Also i noticed this:

lenovo ~ # dmesg | grep net

[    0.467667] microcode: Microcode Update Driver: v2.00 <tigran@aivazian.fsnet.co.uk>, Peter Oruba

[    0.469396] audit: initializing netlink socket (disabled)

[    0.521769] SELinux:  Registering netfilter hooks

[    3.210546] console [netcon0] enabled

[    3.250682] netconsole: network logging started

[    9.888841] ctnetlink v0.93: registering with nfnetlink.

[   10.030019] Initializing XFRM netlink socket

[   27.055689] udev[5169]: renamed network interface eth0 to eth1

[   30.754911] Bluetooth: BNEP (Ethernet Emulation) ver 1.3

udev renamed eth0 to eth1? has that caused the problem? Why?

----------

## cbx550f

Check your /etc/conf.d/net file to see how eth1 is set (normally the default for one wired adapter is eth0, you are correct, but several things can cause it to end up as eth1 instead - most commonly if you have changed the network adapter) -it's fine, so long as you have net.eth1 set up right!

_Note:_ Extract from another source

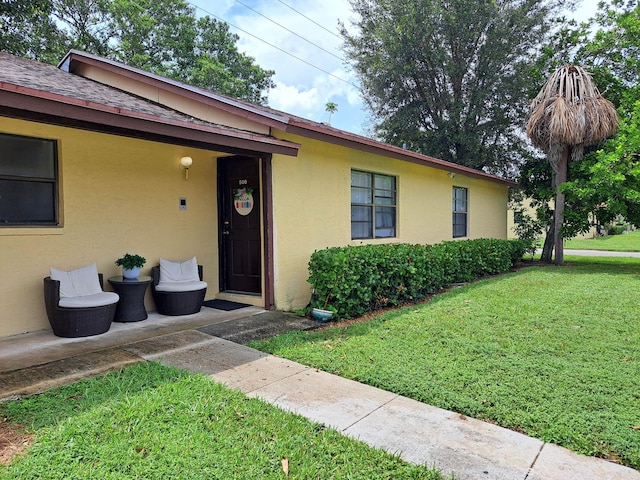 view of front facade with a front lawn and stucco siding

I'm not familiar with the gui tools for gnome, but a quick thing to try is running "/etc/init.d/net.eth1 start" from a console - if that does it, do an "rc-update add net.eth1 default" (might want to do this before changing any settings in the /etc/conf.d/net  :Wink: )

----------

## genterminl

I can't help much with the networking side of things, but I know udev will change names of things if it thinks a device has changed, saving the old name for the old device.  If this is what happened, you should get back to the original names by deleting (save a copy first) /etc/udev/rules.d/70-persistent-net.rules.

----------

## alechiko

I considered both of the suggestions made here. Checked in /etc/conf.d/net didn't find anything i believed needed to be changed, thanks for the input all the same  :Very Happy: 

Regarding the udev suggestion, removing the 70-persistent-net.rules (after backing up of course) and merging an update to udev with a reboot did fix the problem. I compared the file before and after. There were entries before for eth0, eth1, and wlan0 (all with different mac addresses) and after, just eth0, and wlan0. No idea what the 3rd device was or what it's mac address corresponded to since there are only two network adapters in the computer. Perhaps something virtual? Anyway, works. Thanks!

----------